What do you like to read?
I think I’ve read all of George Orwell, including the ones that are less frequently read. I’m a big fan. I love his essay ‘Politics and the English Language’—I’m always inflicting it on my students. That short, sort of autobiographical essay, ‘Shooting an Elephant,’ is amazing. I love Homage to Catalonia, his description of the Spanish Civil War. He was maybe the most astute observer of what was going on in the 20th century. Right now I’m re-reading Middlemarch, by George Eliot. That’s on my iPad.
What do you do when you’re not doing science?
My wife is a musician, and I’m an amateur musician. What we do together is play music for English country dances. These are like 17th, 18th-century tunes, and she plays flute and keyboards; I play recorders. I also play recorders for a lot of Renaissance music.
What’s one thing you wish everybody could understand about climate science?
The climate system or the atmosphere is incredibly variable. We’ve had a couple of years of seemingly anomalous weather, and there have been some very different storms, like [Superstorm] Sandy. There’s been a tendency to say ‘This is something new, attributable to global warming and climate change.’ While global warming is real, and it’s happening, the atmosphere has an incredible capacity to do very interesting things on its own without us doing anything to it.
What’s the one place you want to see before global warming changes it too much?
I was there when I was a kid, but I’d like to go back to Glacier National Park in Montana. I didn’t hike up to the glaciers at the time. They’re definitely retreating.
What is the polar vortex and how does it affect weather?
The polar vortex is this huge ring or disk of circulating air in earth’s stratosphere, 2,500 miles in diameter. [The stratosphere is a layer of the atmosphere that starts about 10 miles from earth’s surface.] Its temperature is about -100 degrees Fahrenheit. At the edge of the vortex is a jet of very strong winds—you know, 100 mph kind of winds. You could think of it like a corral of cold air.
In some years, strong planetary waves of wind and pressure move through the air from the lower atmosphere into the stratosphere and disrupt the vortex. This disruption disturbs the circumpolar circulation throughout the atmosphere, all the way down to the ground, allowing cold air to spill out from the Arctic into lower latitudes. Last winter was a classic vortex breakdown year. The vortex actually split apart. We got cold air and we got cold snaps.
This winter, the vortex did not break down. It got sort of oval shaped and sort of stretched, but it didn’t break down. The lower atmosphere can give you a cold snap with a perfectly happy or intact or undisturbed stratosphere. A cold snap is not a polar vortex. [The vortex does break down each spring, however, but in this case, it’s characterized more by warm air intruding over the pole rather than cold air breaking out into lower latitudes.]

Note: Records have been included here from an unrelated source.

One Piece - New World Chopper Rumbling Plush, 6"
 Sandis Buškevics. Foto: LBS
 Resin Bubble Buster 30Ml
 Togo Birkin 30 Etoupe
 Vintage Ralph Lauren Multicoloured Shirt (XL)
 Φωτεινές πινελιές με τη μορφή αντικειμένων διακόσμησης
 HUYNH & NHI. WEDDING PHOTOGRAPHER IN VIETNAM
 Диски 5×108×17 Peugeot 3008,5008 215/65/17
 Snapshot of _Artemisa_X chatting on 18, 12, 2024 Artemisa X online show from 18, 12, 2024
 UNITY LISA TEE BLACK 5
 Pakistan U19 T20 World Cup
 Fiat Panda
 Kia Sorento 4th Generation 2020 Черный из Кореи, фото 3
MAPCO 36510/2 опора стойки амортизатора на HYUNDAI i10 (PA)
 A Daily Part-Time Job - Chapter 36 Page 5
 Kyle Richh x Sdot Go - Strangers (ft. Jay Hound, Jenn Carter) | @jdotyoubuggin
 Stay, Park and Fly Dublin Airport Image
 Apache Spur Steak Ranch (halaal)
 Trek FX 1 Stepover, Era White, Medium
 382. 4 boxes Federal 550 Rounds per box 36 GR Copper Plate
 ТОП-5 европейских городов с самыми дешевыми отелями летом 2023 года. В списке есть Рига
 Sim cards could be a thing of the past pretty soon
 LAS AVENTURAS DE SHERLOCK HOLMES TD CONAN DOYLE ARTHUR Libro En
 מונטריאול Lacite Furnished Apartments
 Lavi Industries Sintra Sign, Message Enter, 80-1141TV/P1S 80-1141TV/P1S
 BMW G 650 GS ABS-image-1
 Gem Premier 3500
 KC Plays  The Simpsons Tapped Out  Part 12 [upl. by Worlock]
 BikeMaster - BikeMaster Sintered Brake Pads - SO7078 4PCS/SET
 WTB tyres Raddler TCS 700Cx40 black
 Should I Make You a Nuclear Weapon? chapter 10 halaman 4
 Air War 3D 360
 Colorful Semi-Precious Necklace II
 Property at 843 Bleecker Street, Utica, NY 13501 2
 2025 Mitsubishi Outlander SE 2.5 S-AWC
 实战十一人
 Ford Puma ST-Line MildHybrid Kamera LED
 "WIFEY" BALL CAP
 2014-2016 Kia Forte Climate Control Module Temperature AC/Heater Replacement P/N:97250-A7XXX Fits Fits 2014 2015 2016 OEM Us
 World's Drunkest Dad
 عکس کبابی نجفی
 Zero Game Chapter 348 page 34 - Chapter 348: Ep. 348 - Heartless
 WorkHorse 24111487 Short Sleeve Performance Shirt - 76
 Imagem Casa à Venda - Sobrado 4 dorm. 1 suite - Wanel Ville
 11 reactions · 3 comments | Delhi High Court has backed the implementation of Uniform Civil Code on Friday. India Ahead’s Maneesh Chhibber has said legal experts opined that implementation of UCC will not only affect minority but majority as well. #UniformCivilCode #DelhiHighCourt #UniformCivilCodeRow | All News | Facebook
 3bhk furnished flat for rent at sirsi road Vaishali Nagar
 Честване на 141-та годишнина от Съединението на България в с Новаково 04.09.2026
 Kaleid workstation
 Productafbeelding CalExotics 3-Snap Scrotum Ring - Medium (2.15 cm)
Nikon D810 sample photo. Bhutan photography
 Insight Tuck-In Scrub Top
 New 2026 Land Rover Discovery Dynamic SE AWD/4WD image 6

What’s the most astounding fact about the weather, in your opinion?
That it is actually predictable at all. A lot of the reason is because we’re on a planet that rotates pretty quickly. The force from the Coriolis effect [an apparent force that comes about because the earth is rotating beneath us] allows weather patterns to persist and be predictable. Now we have skillful weather forecasts that go out a week or even 10 days. That’s pretty amazing.
What upcoming research are you most excited about?
What we’re working on now is how storm tracks [or paths] change with respect to climate change. We really want to get into the issue of what that does for persistent extreme weather.
A lot of things have been said in the media about what we call blocking patterns [atmospheric features that cause surrounding areas to have the same weather for extended periods of time], which disrupt the jet stream, which is what storm tracks mostly follow. The blocking patterns don’t require global warming, so the question is, does climate change affect the frequency of blocks, where they occur, and how severe they are? Research on blocks is exciting because it follows directly from our work on the storm tracks.